The output is the snr_fas files in the given event directory as well as a single metadata csv in the flatfiles directory with the skipped records and reasons why they were skipped.

TODO

Change SNR output names, remove last channel and add loc

Random SNR write issue, leaking into extra columns? Might be a once off strange error, maybe a check to redo if persist

2 tapers for processing?? Do we need to specify no taper or zero padding in initial processing?


Fmax calculation:

Still to be intergrated into the workflow
Currently have a converted matlab script into python that is hacked together, but needs work on intergration.

Extra steps:

  • Fmax output column rename to stem of the mseed file (instead of ev_sta_chan, have a record_id column)
  • Add a skipped records csv and list reasons why the snr file was skipped for fmax calc
  • Add magic numbers to the config

I'd say the steps for this also need to be investigated and approved by the wider team (later work to be done)


GMC:

Blackbox, just requires mseed files
Outputs a gmc_predictions.csv file that goes into the flatfiles directory

TODO

Make work with the full workflow (Upgrade to tensorflow2)
GMC station value is randomly the channel?
Ensure proper pre-processing is done on waveforms for determining fmin


Process records:

Takes a fmax file and the gmc predictions for fmin and fmax and requires mseed files

A quick check is done that there is all 3 components (This is some bug that needs to be fixed in geonet.py)
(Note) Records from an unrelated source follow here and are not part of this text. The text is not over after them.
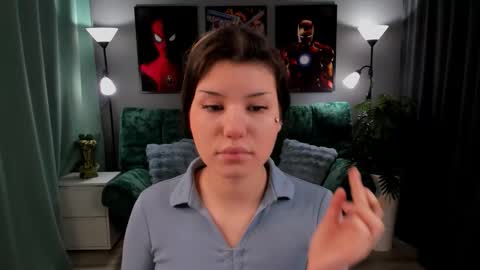 Snapshot of anoradark chatting on 11-20-25, 12:27 Anora online show from 11-20-25, 12:27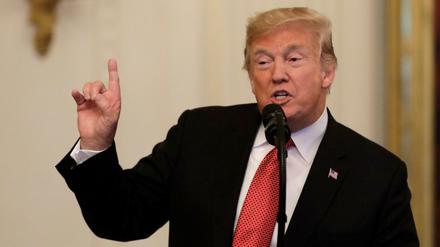 US-Präsident Donald Trump hat Mexiko aufgefordert, den "Ansturm" von Migranten zu stoppen.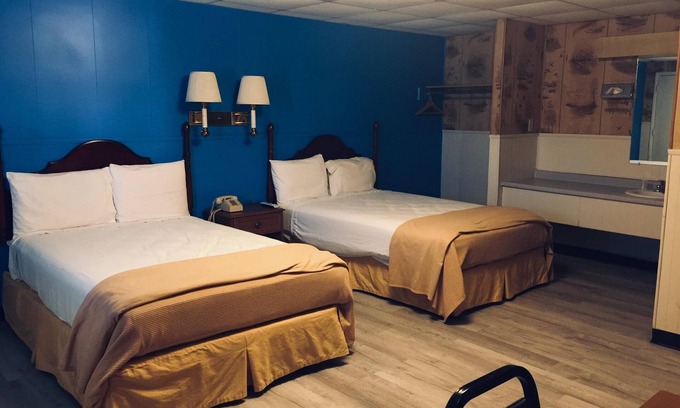 Shenandoah Hotel | Tall Corn Inn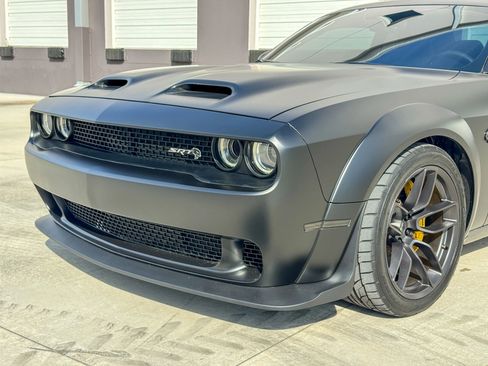 Used 2019 Dodge Challenger SRT Hellcat Redeye image 30
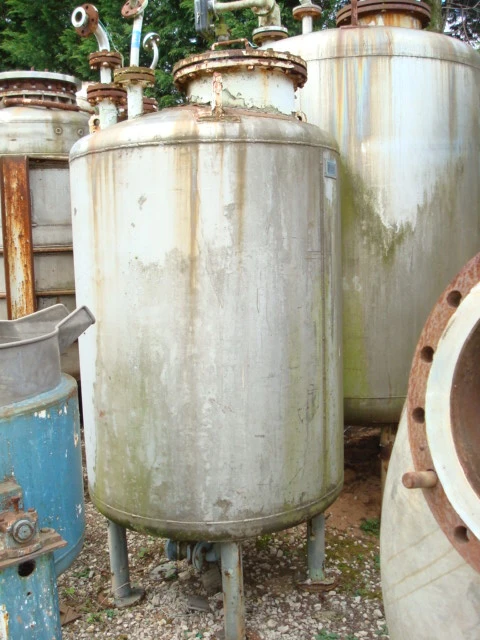 2500 L S/S Vert. Encl. Pressure Vessel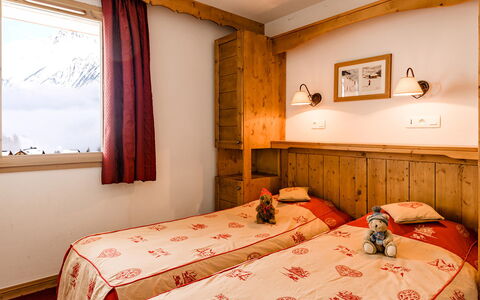 La Toussuire 651: Eigendom, Meubilair, Gebouw, Venster, Comfort, Hout, Interieur Ontwerp, Textiel, Bed Frame, Bed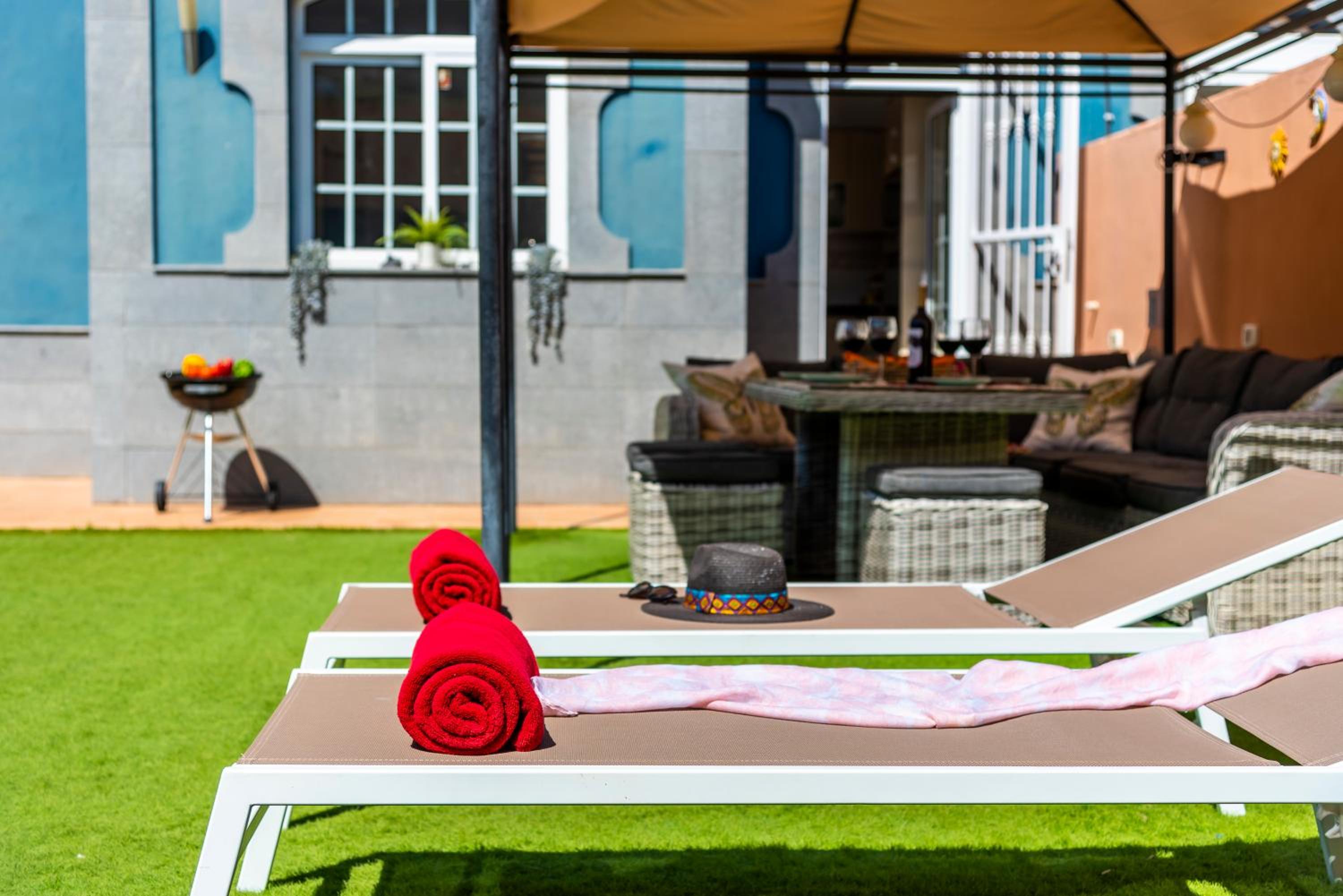 VILLA MELYNA Private Heated Pool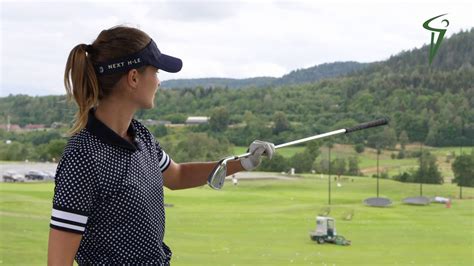 Tonje frydenberg daffinrud is a norwegian professional golfer playing on the ladies european tour. Tonje Daffinrud tester Toptracer - YouTube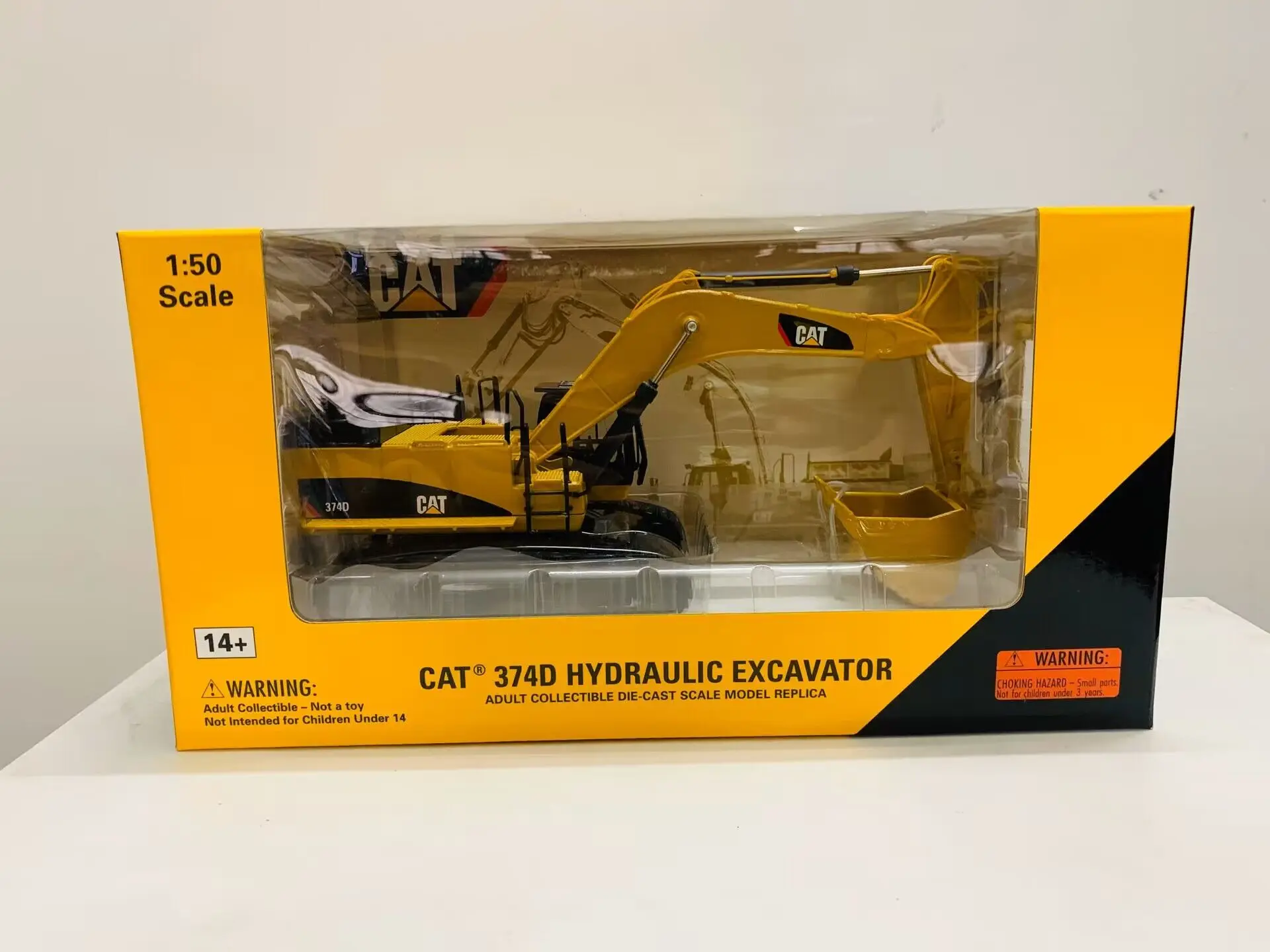 

374D Hydraulic Excavator 1/50 Scale Die-Cast Model 55274 New in Box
Initial pre_processing (Same as whats written in SNR) is then performed and processing is skipped if the Inventory failed to fetch or failed to remove sensitivity

fmax and fmin values are then extracted from the gmc and fmax dataframes
For fmin the max fmin_mean value is taken (max across all 3 components)
fmax is the min of all 3 components

If these values are not found then for the fmin, lowcut is set to 0.05 and if fmax is missing then the highcut is set to 1 / (2.5 * dt)
A simple check is performed that the lowcut is not higher than the highcut, if so the record is skipped

Then the 000, 090 and ver components are selected from the initial processed mseed (rotated)
Tries to grab NE if not then tries XY and if not then skips record

Then applies the following for processing

  • butter bandpass filter - order of 4 fs = 1 / dt
  • Remove zero padding
  • Calculate velocity 
    vel_000 = integrate.cumtrapz(y=acc_bb_000, dx=dt, initial=0.0) * g / 10.0
  • Calculate displacement 
    disp_000 = integrate.cumtrapz(y=vel_000, dx=dt, initial=0.0)
  • Fit a six-order polynomial 

    coeff_000 = np.polyfit(np.arange(len(disp_000)), disp_000, poly_order)
  • Find the 2nd derivative of the coefficients 
    coeff_000_2nd = np.polyder(coeff_000, 2)
  • generate polynomial from the coefficients
    poly_000 = np.polyval(coeff_000_2nd, np.arange(len(acc_bb_000)))
  • Subtract the polynomial from the original acc series

After all that saves as individual component files named the same as the mseed but with the extentions of .000 .090 and .ver in the waveforms directory but under "processed"


IM Calculation:

psa_periods = np.asarray([0.01, 0.02, 0.03, 0.04, 0.05, 0.075, 0.1, 0.12, 0.15, 0.17, 0.2, 0.25, 0.3, 0.4, 0.5, 0.6, 0.7, 0.75, 0.8, 0.9, 1.0, 1.25, 1.5, 2.0, 2.5, 3.0, 4.0, 5.0, 6.0, 7.5, 10.0])
Custom hacky script
Might need a rework of compute_,measure_multiprocess or just use the single compute seperatly for NZGMDB due to different file paths?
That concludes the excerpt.